> **Task item**: Nothing but the lines from the first line of the records through the line with "Sylar Slique Pratik" should be output, exactly as written and free of pictures.

"""

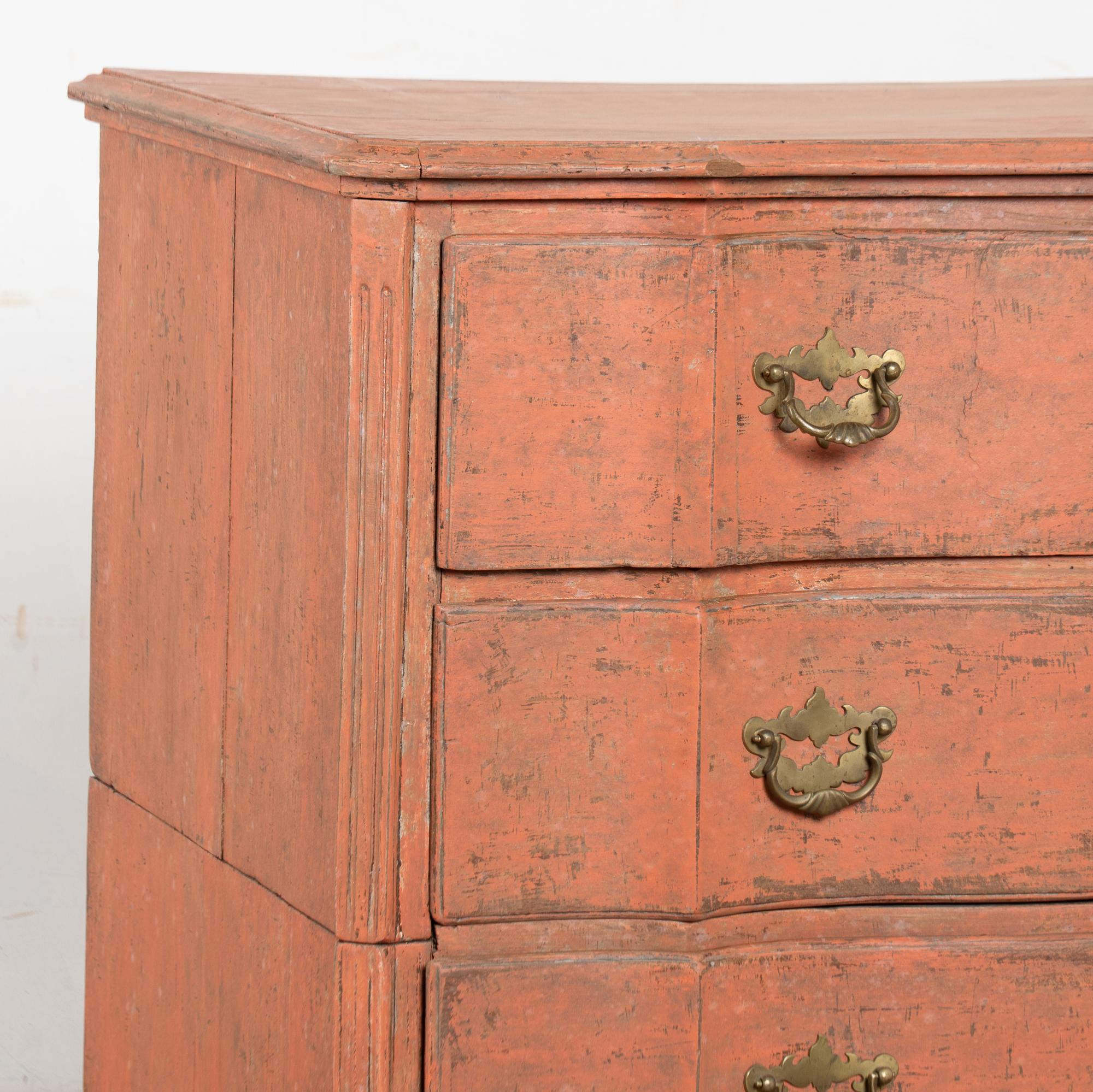18th Century Oak Rococo Chest of Four Drawers For Sale 5
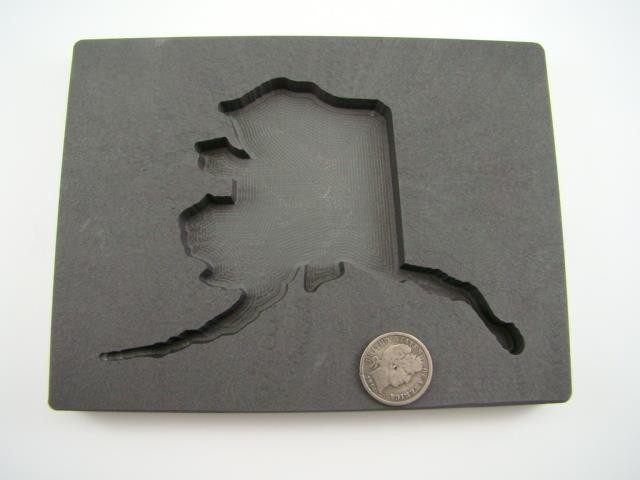 Custom Alaska Gold Bar 10 oz High Density Graphite Mold Silver 5 oz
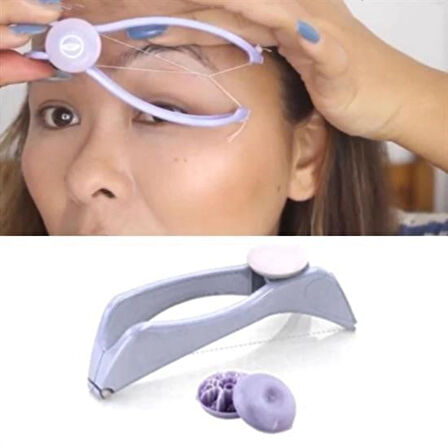 Sylar Slique Pratik İple Kaş Bıyık Tüy Alma Epilasyon Aleti Makinesi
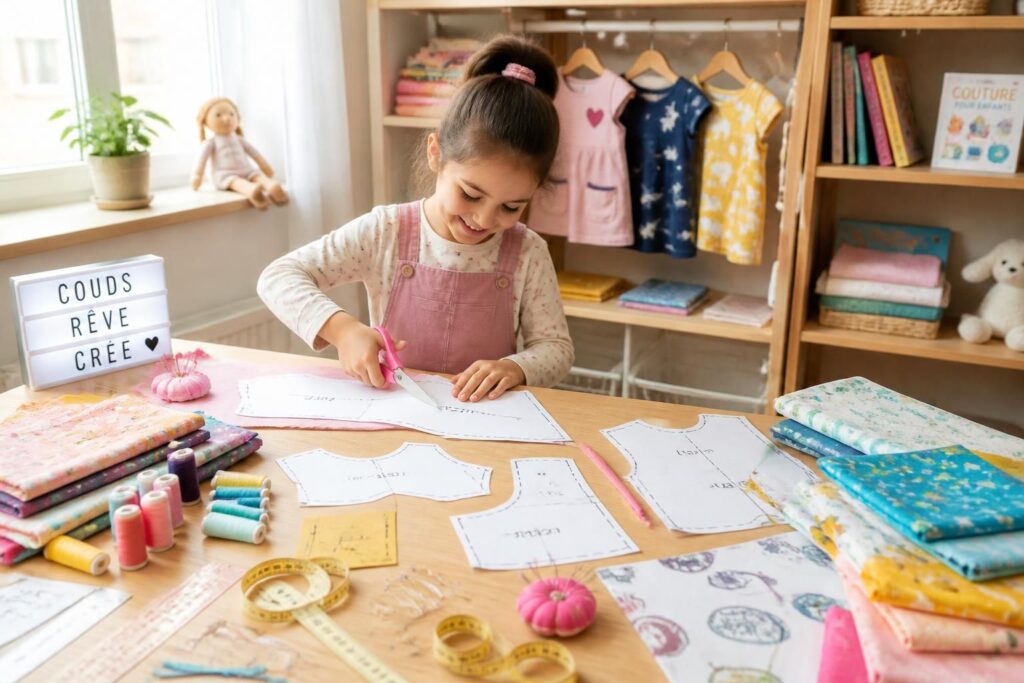 découvrez où trouver des patrons enfants gratuits faciles pour débuter la couture et créer de jolis vêtements simples à réaliser.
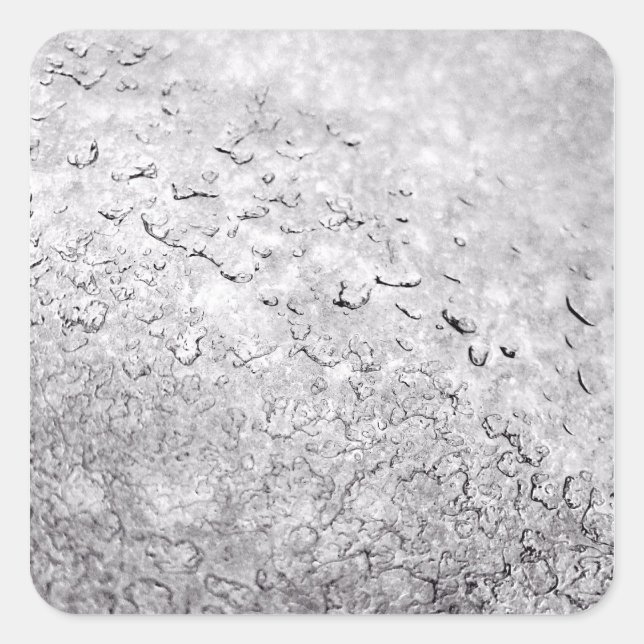 Pegatina Cuadrada Nieve de fusión (Anverso)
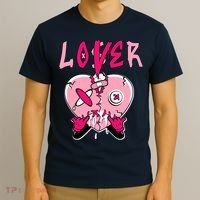 Low Triple Pink Tee Loser Lover Heart Dripping Triple Pink T-Shirt thumb 3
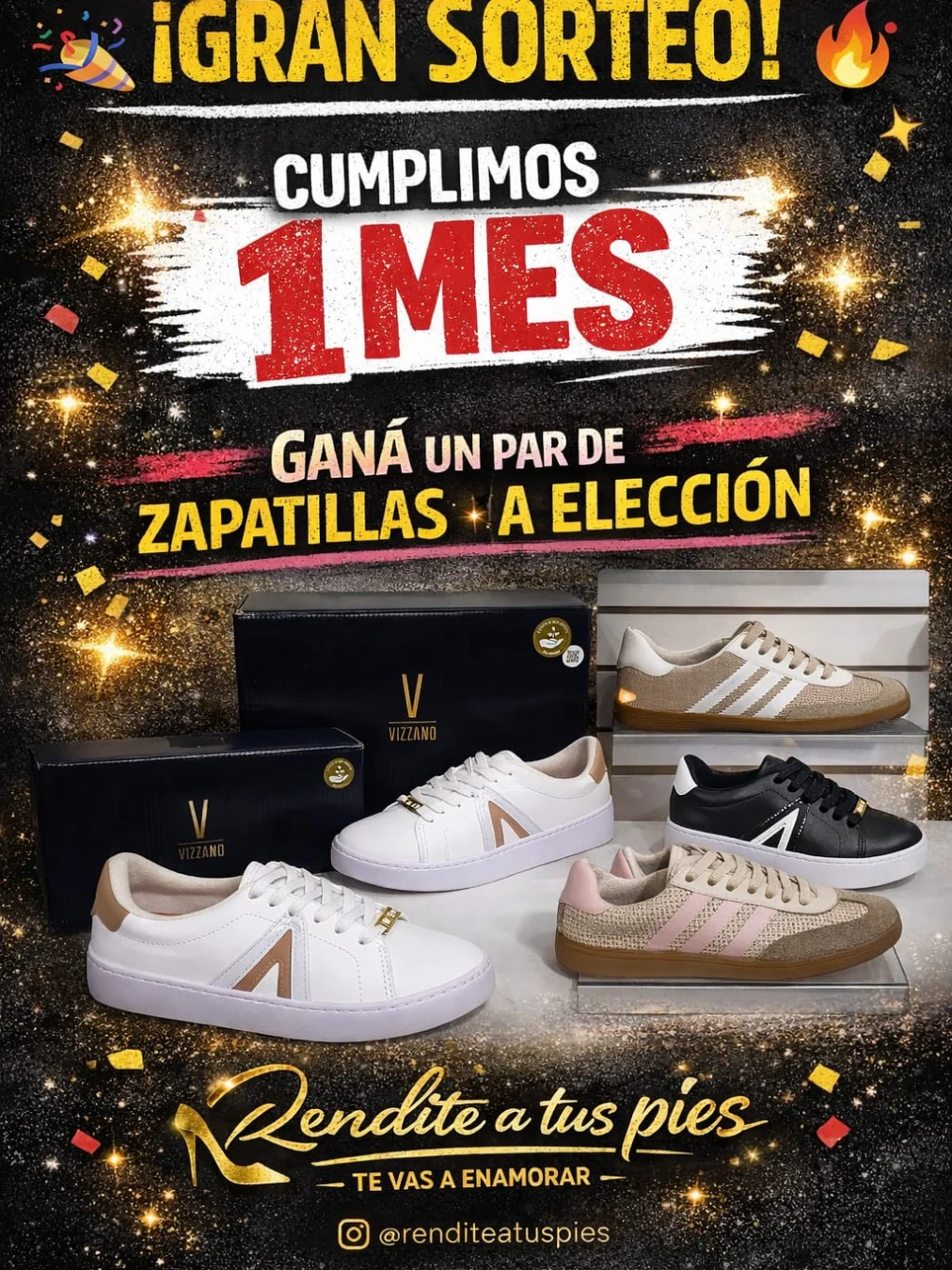 Imagen de 🎉 ¡CUMPLIMOS 1 MES! 🎉
Y lo queremos festejar con uste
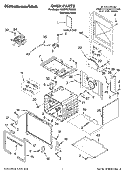 OVEN PARTS Diagram and Parts List for KDRP767RSS00  KitchenAid Range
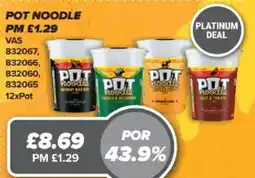 Bestway Pot noodle offer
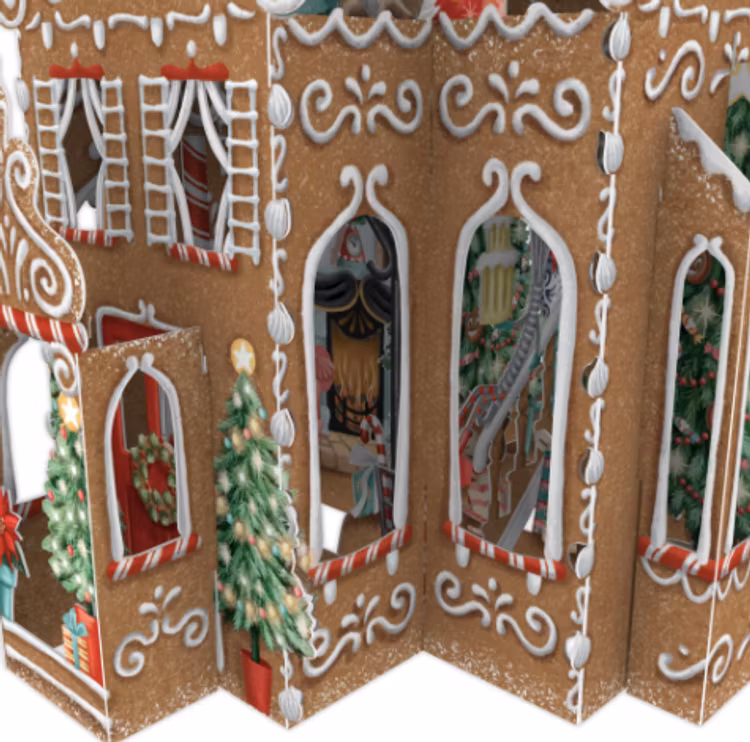 Pepparkakshuset (6 kort med kuvert)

"""

> **Reply**:
18th Century Oak Rococo Chest of Four Drawers For Sale 5
 Custom Alaska Gold Bar 10 oz High Density Graphite Mold Silver 5 oz
 Sylar Slique Pratik İple Kaş Bıyık Tüy Alma Epilasyon Aleti Makinesi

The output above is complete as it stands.